WHAT NEEDS TO BE DONE: Print exactly the lines that run from the one containing "NGK Direct Ignition Coil Boot" to the final line of the data, both included, and print none of the pictures.

Scraped caption text data

• • •

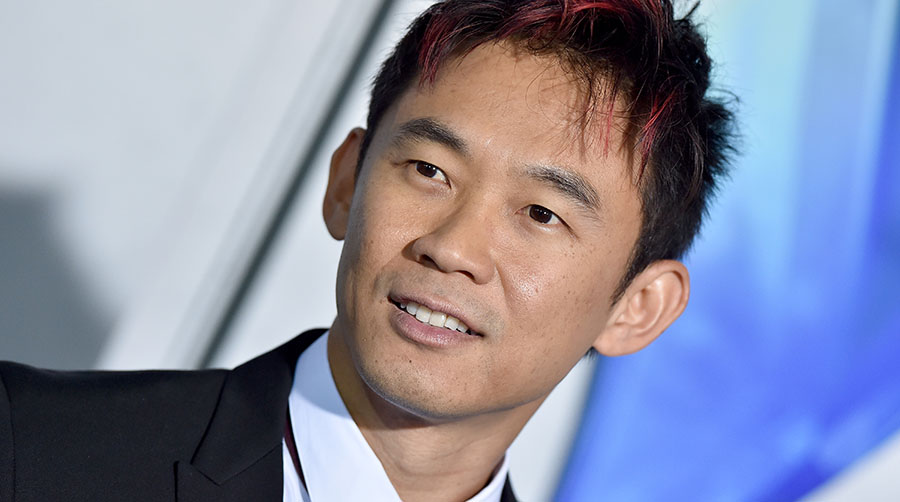 James Wan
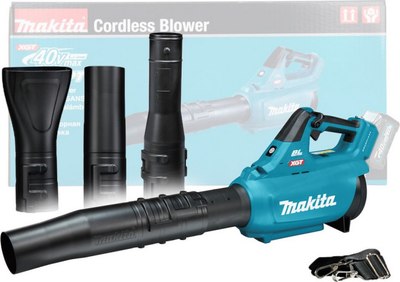 Воздуходувка Makita UB001GZ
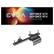 Alt View 16. EVGA - GeForce RTX 3080 XC3 GAMING 10GB GDDR6 PCI Express 4.0 Graphics Card.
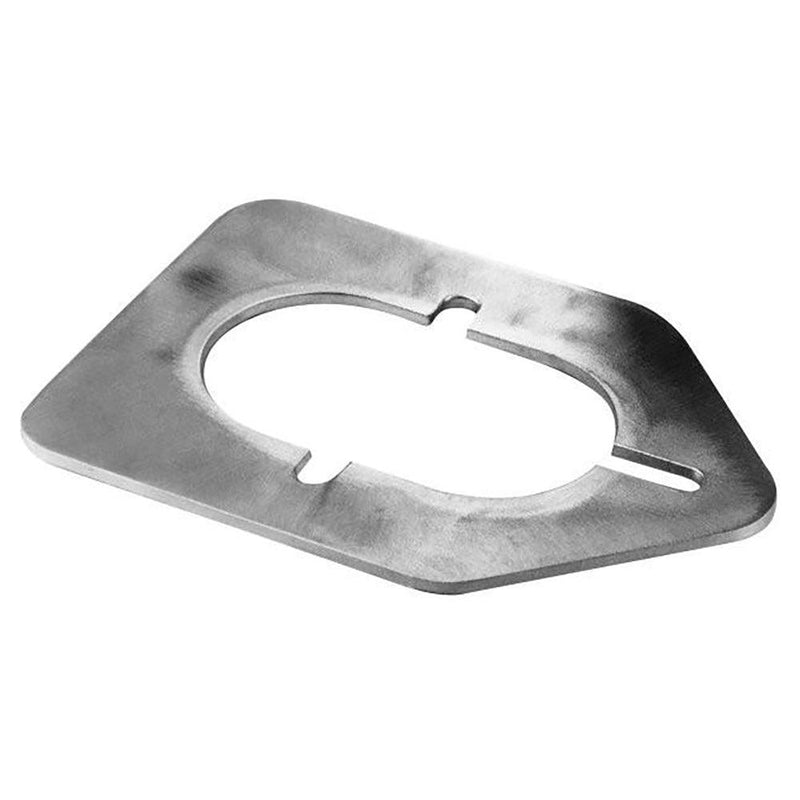 Rupp Backing Plate - Standard [10-1477-40] - Essenbay Marine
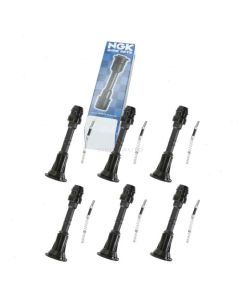 NGK Direct Ignition Coil Boot
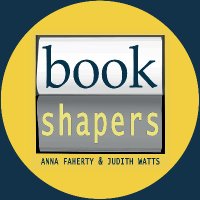 Bookshapers (@bookshaperspod) 's Twitter Profile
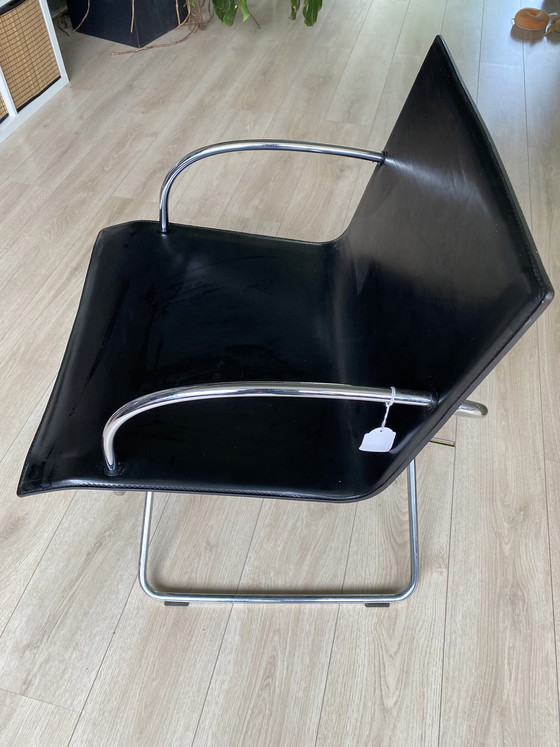 Image 1 of Sillón diseño Niels Gammelgaard para Cappelini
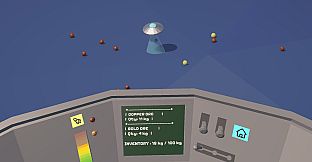 UFOre: Space Idle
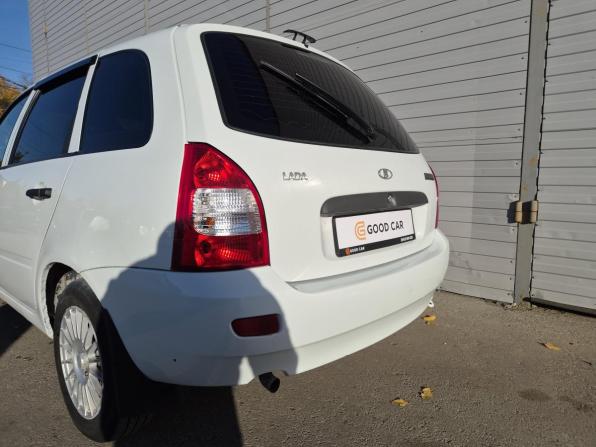 Lada (ВАЗ) Kalina I с пробегом 2013 года, цена 352 000 рублей, 134434 км, универсал, Автокод Объявления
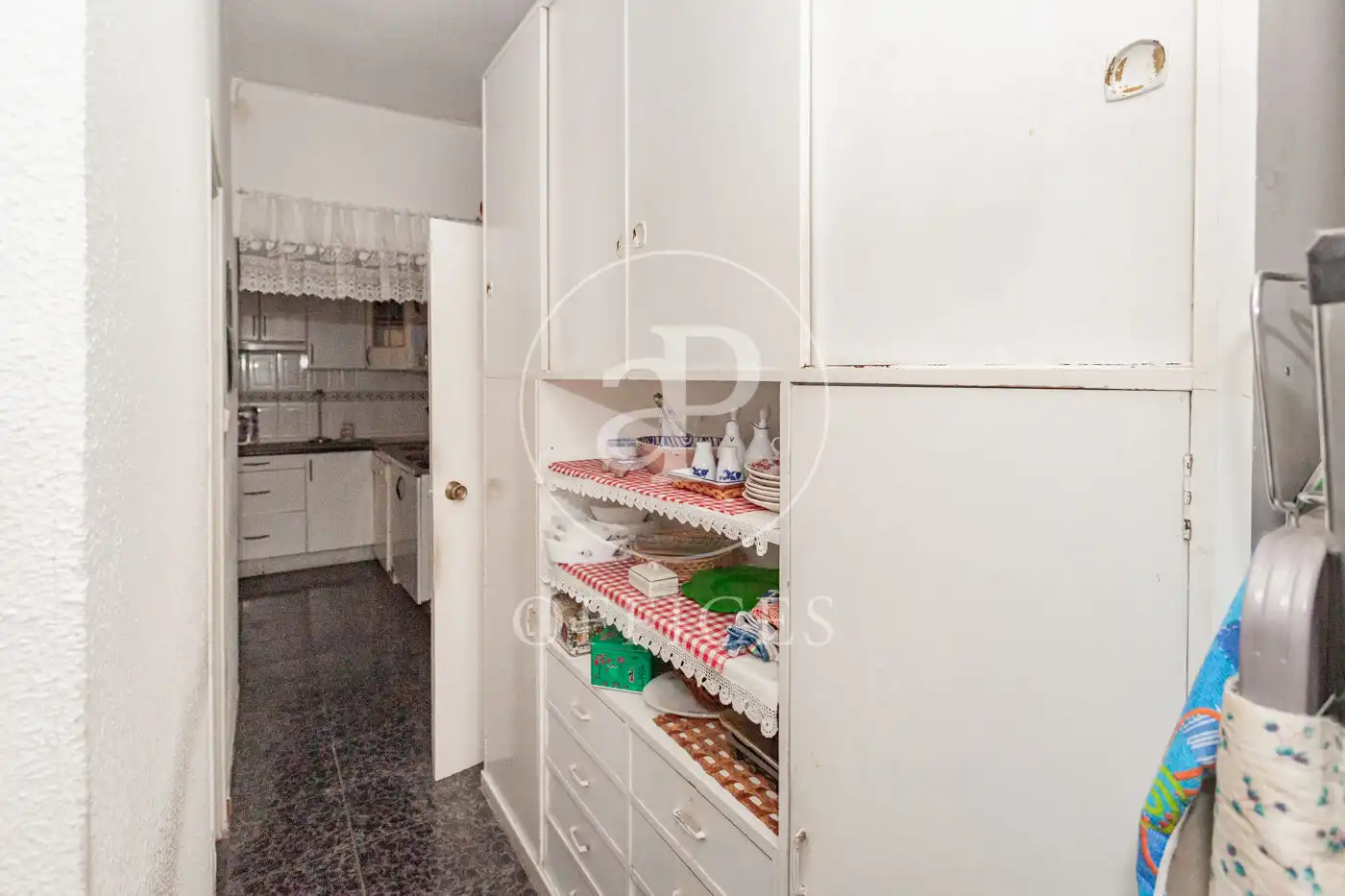 Cocina de Oficina en venta en Madrid con Calefacción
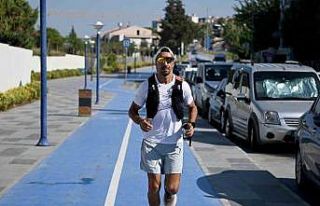 Türkiye’yi dünyaya tanıtmak için başladığı...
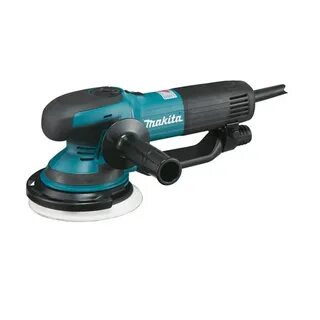 Шлифовальная машина makita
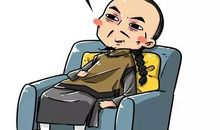 原来我也很懂事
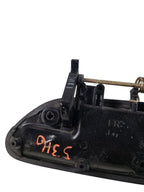 MIATA     1999 Door Handle Exterior 653184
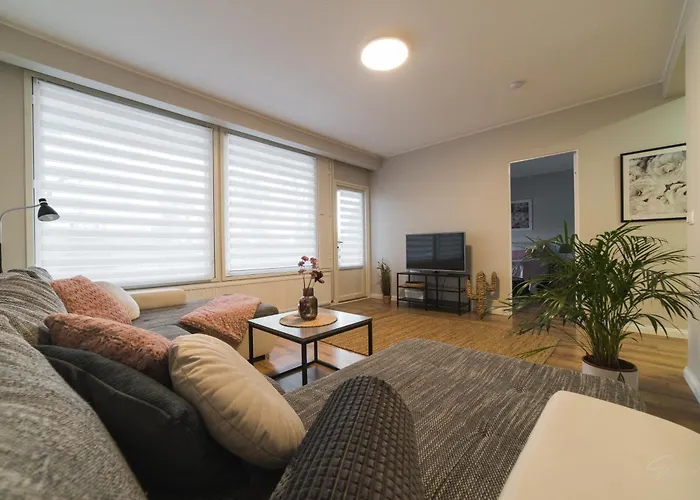 Appartement Tullikatu *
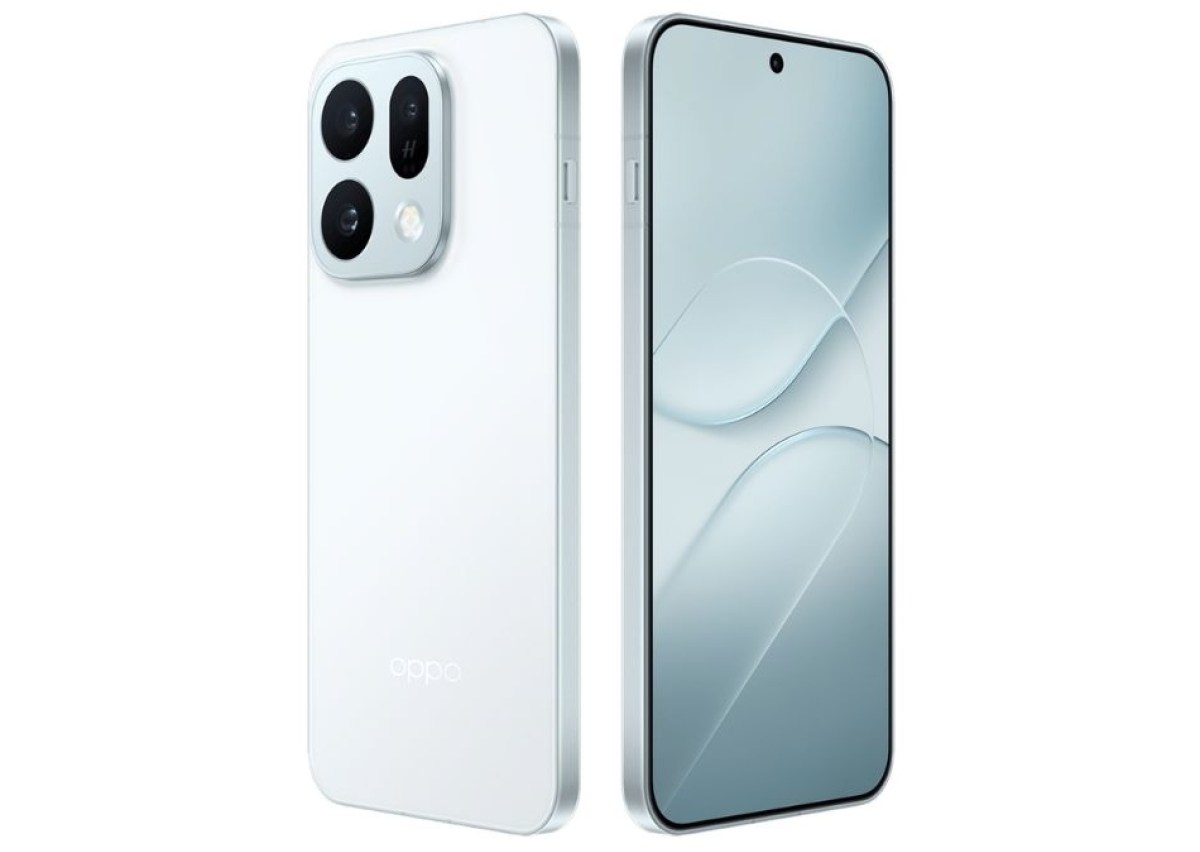 Oppo Find X10 series launch date, colors and storage options revealed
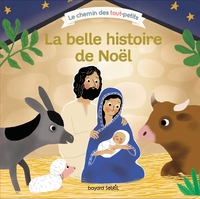 La belle histoire de Noël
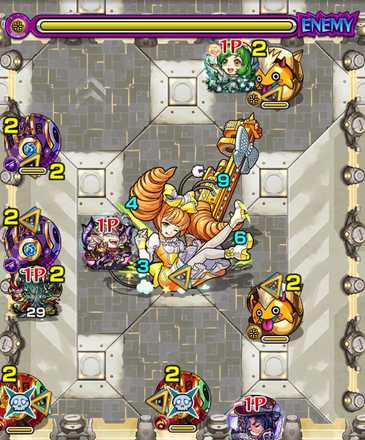 光鉄の重機少女ステージ5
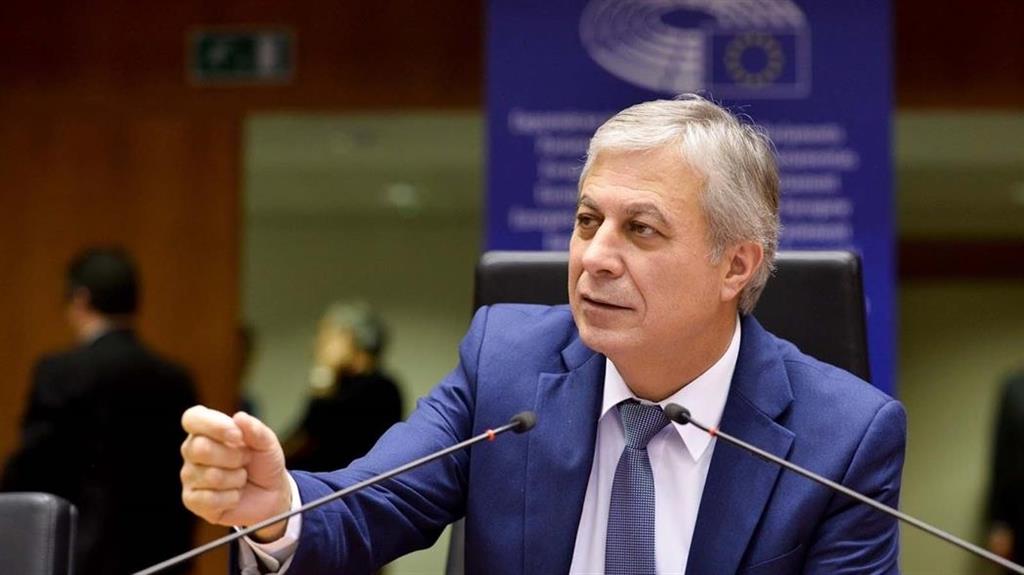 Λευτέρης Χριστοφόρου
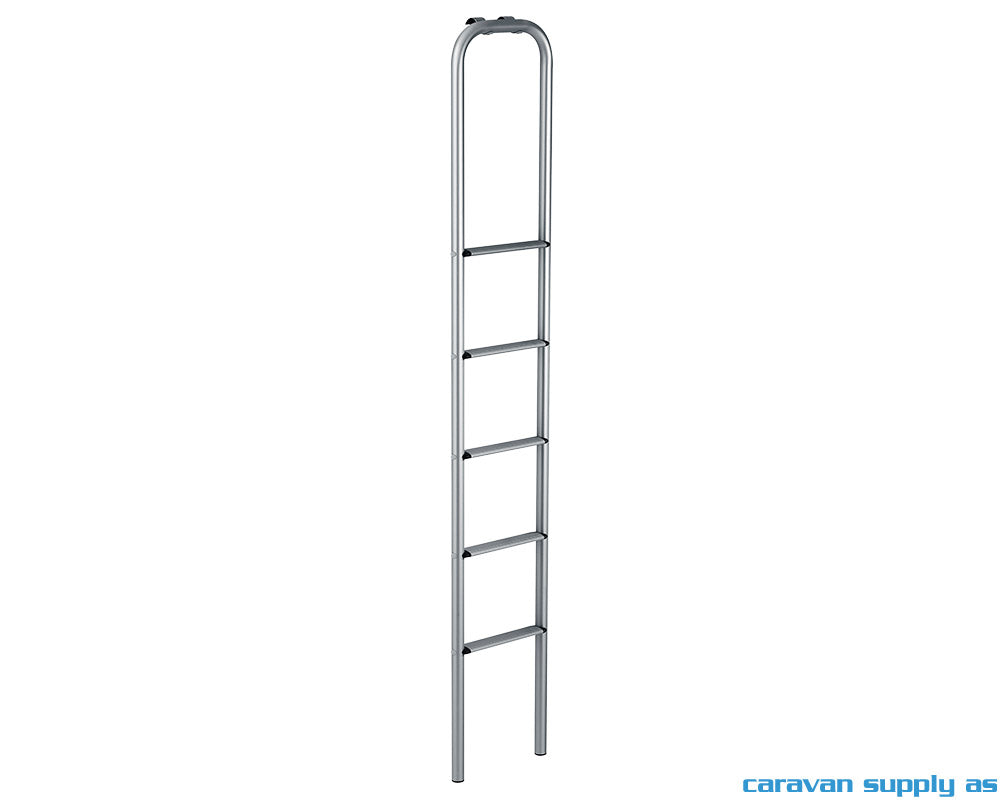 STIGE INNVENDIG THULE LADDER M/5 TRINN H:175CM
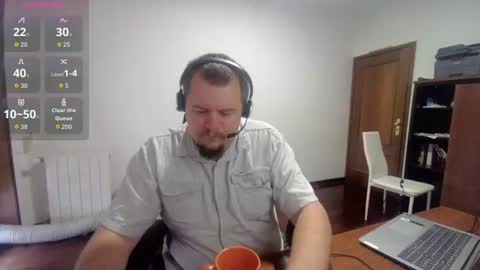 Vanifer online show from 07.24.26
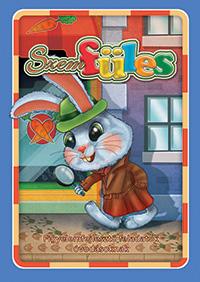 Szemfüles - Figyelemfejlesztő Feladatok Óvodásoknak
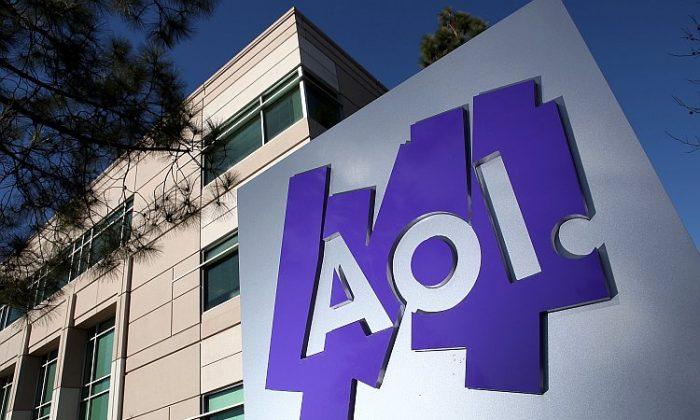 AOL Sells $1 Billion of Patents to Microsoft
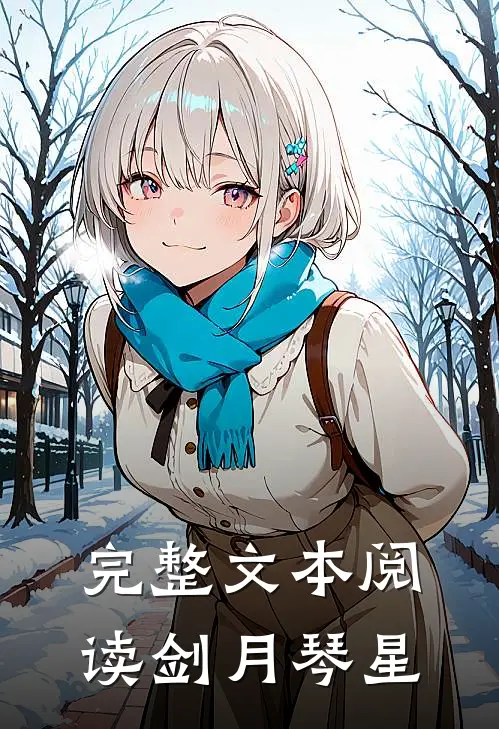 完整文本阅读剑月琴星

• • •

TASK SOLUTION:
 NGK Direct Ignition Coil Boot
 Bookshapers (@bookshaperspod) 's Twitter Profile
 Image 1 of Sillón diseño Niels Gammelgaard para Cappelini
 UFOre: Space Idle
 Lada (ВАЗ) Kalina I с пробегом 2013 года, цена 352 000 рублей, 134434 км, универсал, Автокод Объявления
 Cocina de Oficina en venta en Madrid con Calefacción
 Türkiye’yi dünyaya tanıtmak için başladığı...
 Шлифовальная машина makita
 原来我也很懂事
 MIATA     1999 Door Handle Exterior 653184
 Appartement Tullikatu *
 Oppo Find X10 series launch date, colors and storage options revealed
 La belle histoire de Noël
 光鉄の重機少女ステージ5
 Λευτέρης Χριστοφόρου
 STIGE INNVENDIG THULE LADDER M/5 TRINN H:175CM
 Vanifer online show from 07.24.26
 Szemfüles - Figyelemfejlesztő Feladatok Óvodásoknak
 AOL Sells $1 Billion of Patents to Microsoft
 完整文本阅读剑月琴星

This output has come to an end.